The first two chapters and each major unit of the commentary conclude with reflections and questions. These are divided into two categories: “spiritual, pastoral, and theological reflections, and “questions for those who read, teach, and preach.” None of these are softball questions! The questions should tease out additional implications from the text and take the reader to an application beyond Paul’s original context. A surprising example is the use of Romans 14-15 to discuss a Christian approach to eating. Gorman asks the reader to consider a justice dimension to food production and food consumption. Gorman sees both as having a spiritual dimension. For those teaching Romans in a classroom, these questions would make for excellent student papers. For those preaching Romans in a local church, these questions are hints for pastoral applications which will resonate with people as they grapple with the text of Romans.
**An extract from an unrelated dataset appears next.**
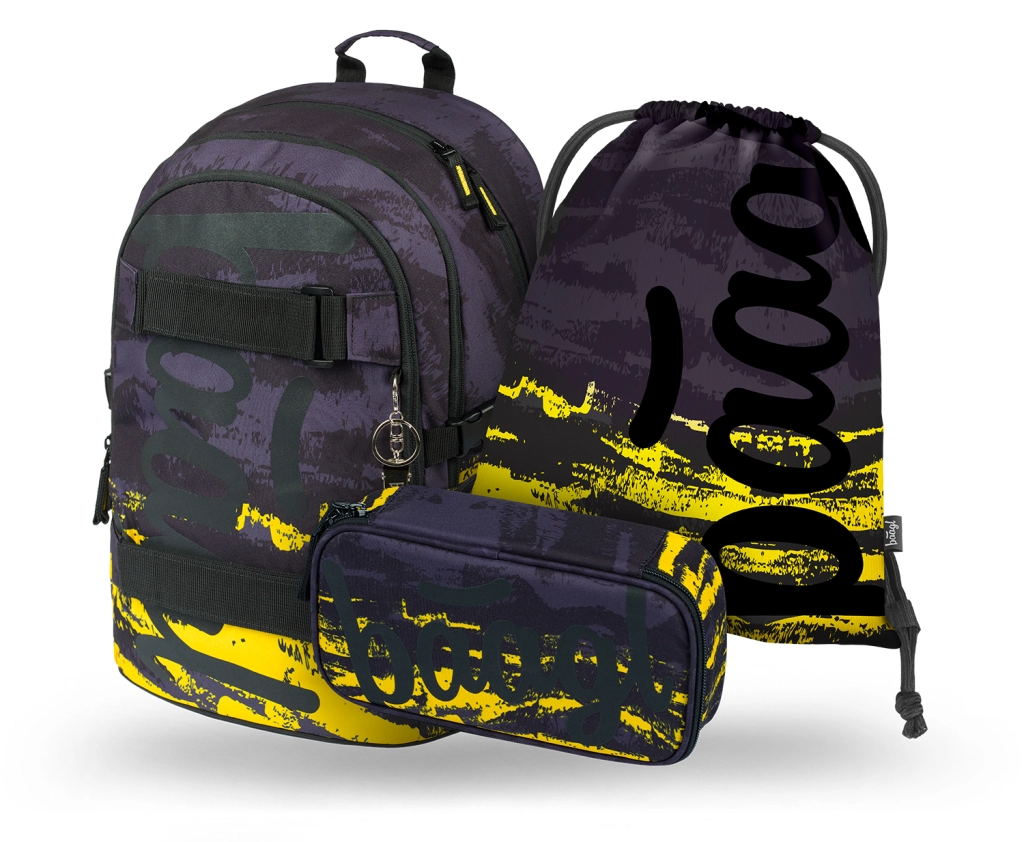 E-shop BAAGL SADA 3 Skate Dune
Following these questions for reflection is “for further reading.” In the introductory chapters, these are divided into “highly accessible commentaries and books,” midlevel commentaries and books,” and “technical commentaries and books.” These bibliographies will be helpful for students who wish to work more deeply on the book of Romans.
Conclusion. Gorman’s commentary on Romans is a pleasure to read and will serve pastors and teachers well as they prepare to present Paul’s dense theology to their congregations. If you are planning to preach through the book of Romans, buy this commentary.
NB: Thanks to Eerdmans for kindly providing me with a review copy of this book. This did not influence my thoughts regarding the work.